Problem statement: When you print the material, keep every line identical to the original.
--- Data to process Enclosed Below ---
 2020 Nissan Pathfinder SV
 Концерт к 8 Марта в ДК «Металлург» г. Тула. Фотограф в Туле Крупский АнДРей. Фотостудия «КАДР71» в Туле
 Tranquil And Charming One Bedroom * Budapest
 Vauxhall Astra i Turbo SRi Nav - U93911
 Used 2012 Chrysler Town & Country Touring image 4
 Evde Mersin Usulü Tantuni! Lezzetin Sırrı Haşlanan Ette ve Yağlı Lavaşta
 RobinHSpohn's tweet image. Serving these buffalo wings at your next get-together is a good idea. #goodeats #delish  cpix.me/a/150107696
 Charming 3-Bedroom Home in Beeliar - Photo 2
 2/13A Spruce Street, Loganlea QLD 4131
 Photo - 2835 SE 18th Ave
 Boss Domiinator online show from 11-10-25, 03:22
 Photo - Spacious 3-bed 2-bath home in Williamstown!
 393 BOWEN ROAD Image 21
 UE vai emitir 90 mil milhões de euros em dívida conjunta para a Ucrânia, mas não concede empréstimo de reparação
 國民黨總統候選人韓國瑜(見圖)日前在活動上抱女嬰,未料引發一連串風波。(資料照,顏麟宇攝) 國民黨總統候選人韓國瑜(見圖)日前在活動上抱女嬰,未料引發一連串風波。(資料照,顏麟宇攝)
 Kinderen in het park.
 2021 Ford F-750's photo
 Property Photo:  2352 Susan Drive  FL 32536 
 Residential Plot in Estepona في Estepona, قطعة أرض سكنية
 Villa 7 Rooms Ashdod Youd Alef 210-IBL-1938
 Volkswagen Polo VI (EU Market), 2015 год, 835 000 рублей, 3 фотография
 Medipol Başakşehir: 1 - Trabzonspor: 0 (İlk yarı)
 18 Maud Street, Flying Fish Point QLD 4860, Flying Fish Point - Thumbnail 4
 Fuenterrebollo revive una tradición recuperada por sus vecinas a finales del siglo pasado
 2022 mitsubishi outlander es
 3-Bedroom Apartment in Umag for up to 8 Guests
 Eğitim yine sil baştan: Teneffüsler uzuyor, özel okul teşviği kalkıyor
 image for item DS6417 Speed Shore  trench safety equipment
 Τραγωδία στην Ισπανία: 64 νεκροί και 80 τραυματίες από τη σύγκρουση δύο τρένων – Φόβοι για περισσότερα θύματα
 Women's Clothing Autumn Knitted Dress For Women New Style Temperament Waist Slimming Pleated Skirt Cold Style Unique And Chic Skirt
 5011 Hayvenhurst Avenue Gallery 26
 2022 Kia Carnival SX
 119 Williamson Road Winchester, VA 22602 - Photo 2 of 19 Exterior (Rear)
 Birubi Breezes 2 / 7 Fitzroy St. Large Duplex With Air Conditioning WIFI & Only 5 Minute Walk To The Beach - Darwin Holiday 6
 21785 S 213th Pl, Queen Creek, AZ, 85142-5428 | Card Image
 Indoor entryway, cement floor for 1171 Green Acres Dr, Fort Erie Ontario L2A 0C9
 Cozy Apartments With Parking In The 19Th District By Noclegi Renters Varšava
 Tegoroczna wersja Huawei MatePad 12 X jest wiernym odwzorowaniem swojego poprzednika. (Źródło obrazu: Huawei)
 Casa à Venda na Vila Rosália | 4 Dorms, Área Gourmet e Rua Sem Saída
--- End of Enclosed Data to process ---
Task response:
 2020 Nissan Pathfinder SV
 Концерт к 8 Марта в ДК «Металлург» г. Тула. Фотограф в Туле Крупский АнДРей. Фотостудия «КАДР71» в Туле
 Tranquil And Charming One Bedroom * Budapest
 Vauxhall Astra i Turbo SRi Nav - U93911
 Used 2012 Chrysler Town & Country Touring image 4
 Evde Mersin Usulü Tantuni! Lezzetin Sırrı Haşlanan Ette ve Yağlı Lavaşta
 RobinHSpohn's tweet image. Serving these buffalo wings at your next get-together is a good idea. #goodeats #delish  cpix.me/a/150107696
 Charming 3-Bedroom Home in Beeliar - Photo 2
 2/13A Spruce Street, Loganlea QLD 4131
 Photo - 2835 SE 18th Ave
 Boss Domiinator online show from 11-10-25, 03:22
 Photo - Spacious 3-bed 2-bath home in Williamstown!
 393 BOWEN ROAD Image 21
 UE vai emitir 90 mil milhões de euros em dívida conjunta para a Ucrânia, mas não concede empréstimo de reparação
 國民黨總統候選人韓國瑜(見圖)日前在活動上抱女嬰,未料引發一連串風波。(資料照,顏麟宇攝) 國民黨總統候選人韓國瑜(見圖)日前在活動上抱女嬰,未料引發一連串風波。(資料照,顏麟宇攝)
 Kinderen in het park.
 2021 Ford F-750's photo
 Property Photo:  2352 Susan Drive  FL 32536 
 Residential Plot in Estepona في Estepona, قطعة أرض سكنية
 Villa 7 Rooms Ashdod Youd Alef 210-IBL-1938
 Volkswagen Polo VI (EU Market), 2015 год, 835 000 рублей, 3 фотография
 Medipol Başakşehir: 1 - Trabzonspor: 0 (İlk yarı)
 18 Maud Street, Flying Fish Point QLD 4860, Flying Fish Point - Thumbnail 4
 Fuenterrebollo revive una tradición recuperada por sus vecinas a finales del siglo pasado
 2022 mitsubishi outlander es
 3-Bedroom Apartment in Umag for up to 8 Guests
 Eğitim yine sil baştan: Teneffüsler uzuyor, özel okul teşviği kalkıyor
 image for item DS6417 Speed Shore  trench safety equipment
 Τραγωδία στην Ισπανία: 64 νεκροί και 80 τραυματίες από τη σύγκρουση δύο τρένων – Φόβοι για περισσότερα θύματα
 Women's Clothing Autumn Knitted Dress For Women New Style Temperament Waist Slimming Pleated Skirt Cold Style Unique And Chic Skirt
 5011 Hayvenhurst Avenue Gallery 26
 2022 Kia Carnival SX
 119 Williamson Road Winchester, VA 22602 - Photo 2 of 19 Exterior (Rear)
 Birubi Breezes 2 / 7 Fitzroy St. Large Duplex With Air Conditioning WIFI & Only 5 Minute Walk To The Beach - Darwin Holiday 6
 21785 S 213th Pl, Queen Creek, AZ, 85142-5428 | Card Image
 Indoor entryway, cement floor for 1171 Green Acres Dr, Fort Erie Ontario L2A 0C9
 Cozy Apartments With Parking In The 19Th District By Noclegi Renters Varšava
 Tegoroczna wersja Huawei MatePad 12 X jest wiernym odwzorowaniem swojego poprzednika. (Źródło obrazu: Huawei)
 Casa à Venda na Vila Rosália | 4 Dorms, Área Gourmet e Rua Sem Saída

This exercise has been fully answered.